The Mudcat Café TM
Thread #128220   Message #3061365
Posted By: Gibb Sahib
26-Dec-10 - 03:05 AM
Thread Name: The Advent and Development of Chanties
Subject: RE: The Advent and Development of Chanties
Luce 1902 cont.

He then injects POOR OLD MAN with some words about it -- still in misleading quotation marks.

"Knock a Man Down" is repeated from the first edition, but with this new note:

//
"There is another song very much like the above, called 'Blow the Man Down.' The melody will be found under the head of the 'Black Ball.' 'Knock a Man Down' was one of the negro songs of the southern cotton ports, while 'Blow the Man Down' was one of the regular breezy Western Ocean Shanties, and is one of the best specimens of the shanty to be found. It makes a fine topsail halyard shanty.
//

Luce indicates here, haphazardly, what are some of the forebitters that were also chanties: HIGH BARBARY, YANKEE MAN-O-WAR, ROLLING HOME.

//
"There are other songs of similar character which will be found in the body of the book; they are frequently used as working songs at sea: Such as ' High Barbary,' 'The Yankee Man-o-war,' 'Rolling Home,' etc.
//

Moving on to "heaving" shanties, he gives RIO GRANDE as in Adams, but adds a note about the "milkmaid" lyrical variation that I feel may have come from reading LA Smith.

He has HEAVE AWAY MY JOHNNIES in a form that corresponds to an article in THE SEA BREEZE of 1900 -- thought that article did not supply tune! The Characteristic phrase is "Sometimes we're bound for England...," along with the fact that he gives "heave away, my bullies."

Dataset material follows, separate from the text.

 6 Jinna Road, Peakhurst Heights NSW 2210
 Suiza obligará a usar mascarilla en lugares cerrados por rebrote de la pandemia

LOWLANDS AWAY is here, in a form not yet noted. Minor mode.

//
I thought I heard the old man say.
Lowlands, lowlands, my Johnny,
That this would be our sailing day,
A dollar and a half a day.
//

He gives A-ROVING as in the first edition -- but now he actually calls it "A-Roving" and says it is "A favorite pumping shanty."

Next comes CLEAR THE TRACK, taken from Smith.

His version of SANTIANA has now be changed to as follows:

//
SANTA ANNA.
Oh, Santa Anna's dead and gone,
Away, oh, Santa Anna,
Oh, Santa Anna's dead and gone,
All on the plains of Mexico.
//

Luce also revises his "Old Storm Along" (MR. STORMALONG) by correcting his flip-flopped past version, and adding this note:

//
"'Old Storm Along' was a favorite pumping shanty and was considered to be a song of triumph over the storm fiend, notwithstanding which fact it is a somewhat dismal song, being sung in slow time and usually with many embellishments.
//

Instead of "Across the Western Ocean," he puts a new LEAVE HER JOHNNY in this edition:

//
Oh, the times are hard and the wages low,
Leave her, Johnny, leave her,
And there's sick foot of water in the hold,
Oh, it's time for us to leave her.

"In this song the shanty-man rehearses all the miseries of the crew, and though 'Growl and go' is considered a 'good man,' the singing of this song was often the forerunner of trouble, and was never sung by a contented crew.